Recorded information Block Start
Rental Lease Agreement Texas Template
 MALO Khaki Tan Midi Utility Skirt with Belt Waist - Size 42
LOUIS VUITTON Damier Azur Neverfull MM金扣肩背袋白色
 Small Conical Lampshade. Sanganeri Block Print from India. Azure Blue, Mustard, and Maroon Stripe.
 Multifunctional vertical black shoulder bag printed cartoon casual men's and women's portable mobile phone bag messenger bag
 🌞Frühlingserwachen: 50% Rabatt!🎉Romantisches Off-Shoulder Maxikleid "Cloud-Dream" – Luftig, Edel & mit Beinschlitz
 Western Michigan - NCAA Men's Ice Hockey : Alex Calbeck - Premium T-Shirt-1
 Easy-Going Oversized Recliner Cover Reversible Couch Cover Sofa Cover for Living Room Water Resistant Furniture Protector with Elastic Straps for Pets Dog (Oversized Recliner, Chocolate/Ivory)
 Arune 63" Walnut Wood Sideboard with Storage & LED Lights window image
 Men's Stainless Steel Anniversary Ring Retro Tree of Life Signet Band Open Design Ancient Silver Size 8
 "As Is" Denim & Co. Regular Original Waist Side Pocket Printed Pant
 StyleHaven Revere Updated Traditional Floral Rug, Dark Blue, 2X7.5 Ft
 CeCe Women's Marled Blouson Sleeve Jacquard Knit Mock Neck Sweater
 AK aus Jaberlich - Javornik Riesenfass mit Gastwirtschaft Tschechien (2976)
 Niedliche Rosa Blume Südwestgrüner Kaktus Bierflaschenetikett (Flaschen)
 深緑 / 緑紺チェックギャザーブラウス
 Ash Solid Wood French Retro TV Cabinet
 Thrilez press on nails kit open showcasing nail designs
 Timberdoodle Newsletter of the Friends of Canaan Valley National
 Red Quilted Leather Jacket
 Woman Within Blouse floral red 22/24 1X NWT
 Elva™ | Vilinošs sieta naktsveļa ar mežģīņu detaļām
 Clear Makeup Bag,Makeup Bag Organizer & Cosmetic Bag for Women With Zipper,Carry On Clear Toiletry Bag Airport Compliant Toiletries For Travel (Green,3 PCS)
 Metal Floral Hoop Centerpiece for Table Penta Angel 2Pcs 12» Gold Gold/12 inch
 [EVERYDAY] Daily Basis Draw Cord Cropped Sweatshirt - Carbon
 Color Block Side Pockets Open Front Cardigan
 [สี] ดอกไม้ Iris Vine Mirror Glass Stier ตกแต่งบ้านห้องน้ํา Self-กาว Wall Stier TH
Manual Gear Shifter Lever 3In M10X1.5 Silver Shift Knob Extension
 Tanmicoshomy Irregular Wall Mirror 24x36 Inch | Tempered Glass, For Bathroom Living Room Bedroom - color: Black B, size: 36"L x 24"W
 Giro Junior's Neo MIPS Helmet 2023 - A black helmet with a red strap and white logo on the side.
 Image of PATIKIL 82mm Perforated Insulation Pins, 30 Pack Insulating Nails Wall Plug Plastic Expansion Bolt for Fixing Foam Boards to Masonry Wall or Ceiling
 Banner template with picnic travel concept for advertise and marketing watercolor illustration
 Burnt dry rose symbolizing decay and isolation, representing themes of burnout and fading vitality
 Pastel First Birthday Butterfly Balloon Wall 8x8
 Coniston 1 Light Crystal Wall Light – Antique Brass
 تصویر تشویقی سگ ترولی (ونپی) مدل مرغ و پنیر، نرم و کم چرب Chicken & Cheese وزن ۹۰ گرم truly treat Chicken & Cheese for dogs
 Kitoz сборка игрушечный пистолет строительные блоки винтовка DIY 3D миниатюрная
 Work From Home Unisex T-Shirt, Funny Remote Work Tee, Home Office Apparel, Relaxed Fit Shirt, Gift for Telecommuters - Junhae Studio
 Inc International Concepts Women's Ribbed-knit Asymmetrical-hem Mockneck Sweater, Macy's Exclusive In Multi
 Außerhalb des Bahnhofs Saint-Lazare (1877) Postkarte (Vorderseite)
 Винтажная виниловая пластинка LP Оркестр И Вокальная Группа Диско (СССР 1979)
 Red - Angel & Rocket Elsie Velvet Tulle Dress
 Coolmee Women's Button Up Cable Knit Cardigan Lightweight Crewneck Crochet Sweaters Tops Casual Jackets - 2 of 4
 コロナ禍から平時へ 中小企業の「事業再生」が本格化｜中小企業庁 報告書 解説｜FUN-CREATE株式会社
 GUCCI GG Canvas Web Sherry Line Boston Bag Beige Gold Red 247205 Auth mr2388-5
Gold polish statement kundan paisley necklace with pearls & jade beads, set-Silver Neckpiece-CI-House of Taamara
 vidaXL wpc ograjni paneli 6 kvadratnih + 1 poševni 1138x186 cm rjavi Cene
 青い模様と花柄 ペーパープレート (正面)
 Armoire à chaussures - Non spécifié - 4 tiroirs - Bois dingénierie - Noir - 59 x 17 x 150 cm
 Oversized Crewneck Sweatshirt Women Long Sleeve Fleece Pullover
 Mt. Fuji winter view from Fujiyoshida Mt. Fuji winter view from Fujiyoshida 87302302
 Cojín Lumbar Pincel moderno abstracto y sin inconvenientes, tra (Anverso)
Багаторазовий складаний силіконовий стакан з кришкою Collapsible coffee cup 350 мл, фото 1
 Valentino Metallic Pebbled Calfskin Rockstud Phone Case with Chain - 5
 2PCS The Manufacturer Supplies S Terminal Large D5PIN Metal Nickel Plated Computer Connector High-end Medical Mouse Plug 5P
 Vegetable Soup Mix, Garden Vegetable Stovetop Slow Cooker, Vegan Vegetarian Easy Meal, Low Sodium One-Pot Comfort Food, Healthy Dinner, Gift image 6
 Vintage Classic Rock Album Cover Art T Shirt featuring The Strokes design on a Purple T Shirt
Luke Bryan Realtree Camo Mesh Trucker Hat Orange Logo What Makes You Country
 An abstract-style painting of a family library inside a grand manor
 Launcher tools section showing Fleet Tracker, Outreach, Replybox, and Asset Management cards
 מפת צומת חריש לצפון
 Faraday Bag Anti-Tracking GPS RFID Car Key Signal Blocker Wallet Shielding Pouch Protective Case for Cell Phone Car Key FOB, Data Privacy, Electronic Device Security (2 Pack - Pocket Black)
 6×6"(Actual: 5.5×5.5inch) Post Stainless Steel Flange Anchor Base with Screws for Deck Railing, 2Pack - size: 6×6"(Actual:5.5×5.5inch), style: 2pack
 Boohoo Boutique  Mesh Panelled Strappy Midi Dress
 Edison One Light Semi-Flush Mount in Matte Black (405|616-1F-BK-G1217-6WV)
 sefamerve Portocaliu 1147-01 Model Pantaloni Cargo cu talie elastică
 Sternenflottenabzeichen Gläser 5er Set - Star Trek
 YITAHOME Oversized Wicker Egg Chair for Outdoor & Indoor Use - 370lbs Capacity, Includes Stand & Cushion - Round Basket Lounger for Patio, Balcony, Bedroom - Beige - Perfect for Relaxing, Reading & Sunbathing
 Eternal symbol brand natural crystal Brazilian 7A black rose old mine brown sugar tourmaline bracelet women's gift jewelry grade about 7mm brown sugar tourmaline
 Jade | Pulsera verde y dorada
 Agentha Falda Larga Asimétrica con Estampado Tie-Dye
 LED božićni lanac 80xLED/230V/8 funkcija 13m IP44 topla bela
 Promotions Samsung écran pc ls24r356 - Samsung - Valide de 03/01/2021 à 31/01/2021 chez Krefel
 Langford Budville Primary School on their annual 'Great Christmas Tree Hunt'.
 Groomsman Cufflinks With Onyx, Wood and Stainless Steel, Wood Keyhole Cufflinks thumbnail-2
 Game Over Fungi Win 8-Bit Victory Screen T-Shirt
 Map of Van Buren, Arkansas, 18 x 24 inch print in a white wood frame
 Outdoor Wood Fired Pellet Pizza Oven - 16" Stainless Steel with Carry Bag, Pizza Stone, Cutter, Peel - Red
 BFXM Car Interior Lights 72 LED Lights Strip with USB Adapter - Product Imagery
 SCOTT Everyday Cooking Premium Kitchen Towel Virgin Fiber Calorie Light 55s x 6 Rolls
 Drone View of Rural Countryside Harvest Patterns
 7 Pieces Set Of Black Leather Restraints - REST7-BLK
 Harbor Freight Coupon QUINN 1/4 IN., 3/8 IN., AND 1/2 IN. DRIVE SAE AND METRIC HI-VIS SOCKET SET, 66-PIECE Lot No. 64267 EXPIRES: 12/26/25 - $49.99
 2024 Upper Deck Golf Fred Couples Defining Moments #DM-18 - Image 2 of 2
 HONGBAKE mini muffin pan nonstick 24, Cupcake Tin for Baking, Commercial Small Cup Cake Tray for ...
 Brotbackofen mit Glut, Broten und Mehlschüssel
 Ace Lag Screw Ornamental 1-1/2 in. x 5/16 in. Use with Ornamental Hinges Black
Recorded information Block End
About this task: Say how many lines of the data above include the word "Midi", and add nothing further.

Output below: 2